Por sua vez, a série Deslize ocupa-se com a questão do degelo glaciar e surge de uma residência em Espanha para pensar este fenómeno nos Pirenéus espanhóis, em particular, nos Picos Aneto e Maladeta. Num conjunto de seis gravuras em metal e água-tinta, em tons avermelhados de espantosa nitidez, observam-se os relevos acidentados destes cumes, e convoca-se uma procura por captar os movimentos da cordilheira, estabelecendo-se uma relação contemplativa com o tempo geológico, num jogo de escalas entre humanidade e mineralidade que incita a consciência acerca das diferentes – mas também coincidentes – formas de encarar o espaço e o tempo que habitamos em conjunto com as montanhas.
A série Morfológicas, por sua vez, compõe-se de uma série de dez gravuras – também elas em metal e água-tinta – e parte de um material mais amplo de Regaldo, na recolha de arquivos e mapas, para refletir acerca de questões que parecem incidir sobre aquilo que poderia ser uma “afetividade geológica”. Isto é, se numa primeira instância observamos um pendor cartográfico, uma observação aérea sobre o território, onde o uso de mapas geomorfológicos encaminha uma detalhada atenção aos contornos, desníveis e elevações, fazendo-nos perscrutar intimamente as formas e proporções montanhosas; num segundo momento Morfológicas começa a mergulhar no solo, num estonteante aterramento, onde a gravura se torna microscopia, onde o que antes parecia ser mapa, acaba por se tornar micro-organismo.

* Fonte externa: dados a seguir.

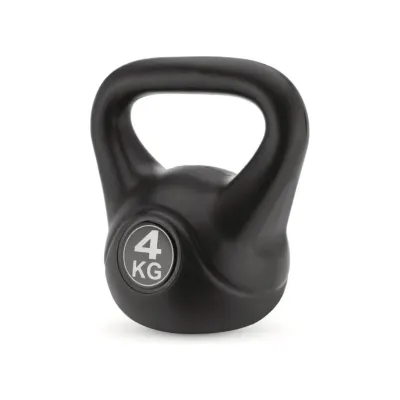 Гиря виниловая 4 кг Gymtek - 2 Гиря виниловая 4 кг Gymtek - 2 - Robinzon.ua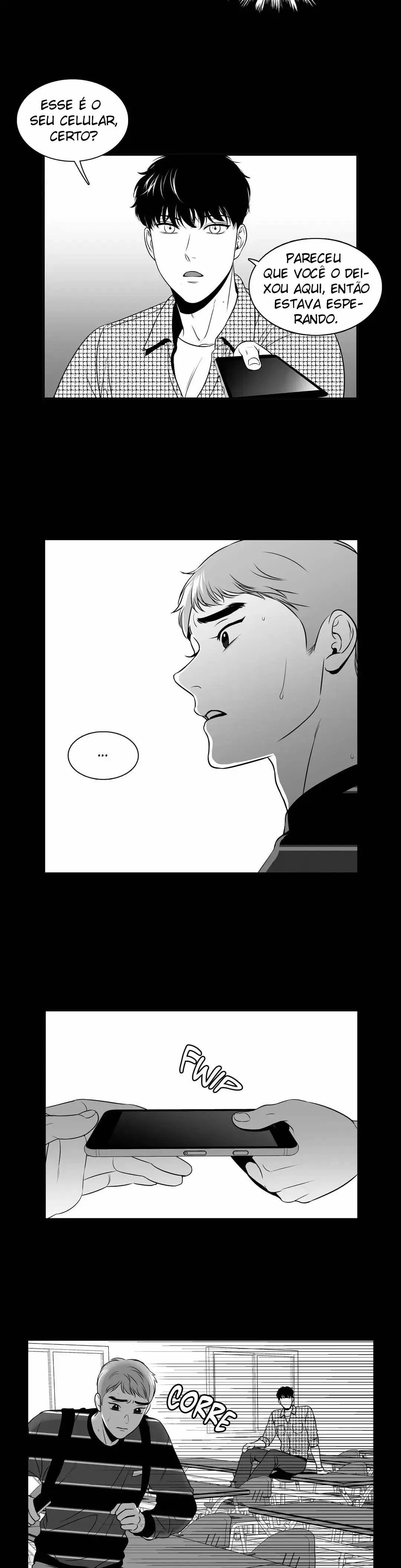 BJ Alex – Sem Censura – Capítulo 58 Yaoi – Página 8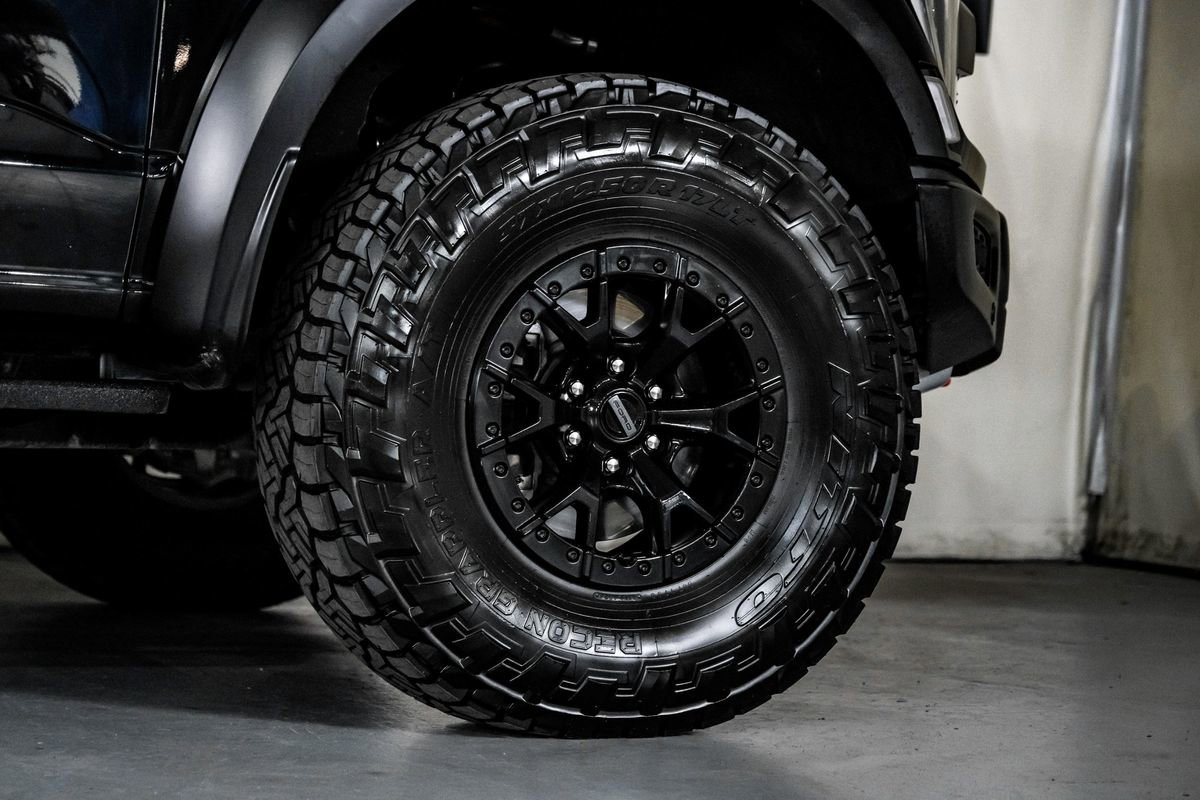 Used 2023 Ford F150 Raptor w/ Equipment Group 802A Raptor R image 61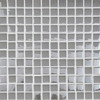Carrelage en verre Platine S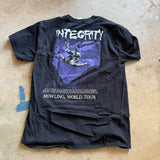 Integrity "Howling, world tour" size L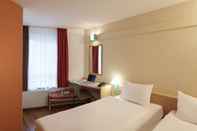 ห้องนอน ibis Düsseldorf Hauptbahnhof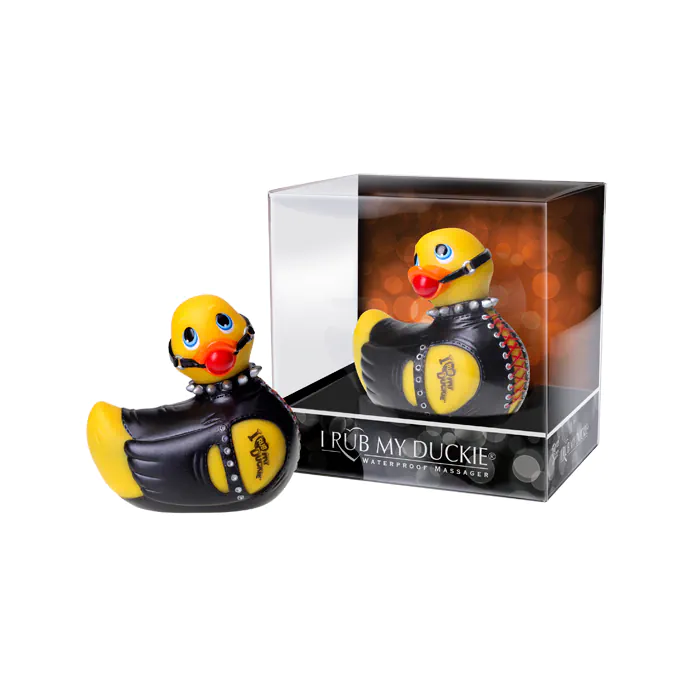 Вібро качка I Rub My Duckie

Surgem também palavras convocadas no que a artista assume enquanto escrita inconsciente: “Caminho por voltas, caminho por séculos, caminho por orlas, caminho…” onde se torna impossível não pensar na famosa asserção do conservacionista e filósofo ambiental Aldo Leopold: “Pensar como uma montanha.” E nisto, não só pensamos como ela, como também nos tornamos nela, naquilo que o depurado trabalho artístico e investigativo de Flavia Regaldo consegue, em suma, convocar: uma reflexão de proximidade sobre montanhas, tempo e afetos.
Patente na galeria Coletivo Amarelo, em Marvila, até 24 de janeiro de 2026, a exposição é uma oportunidade de conhecer um trabalho estimulante acerca das relações que estabelecemos com o mundo natural. A entrada é livre.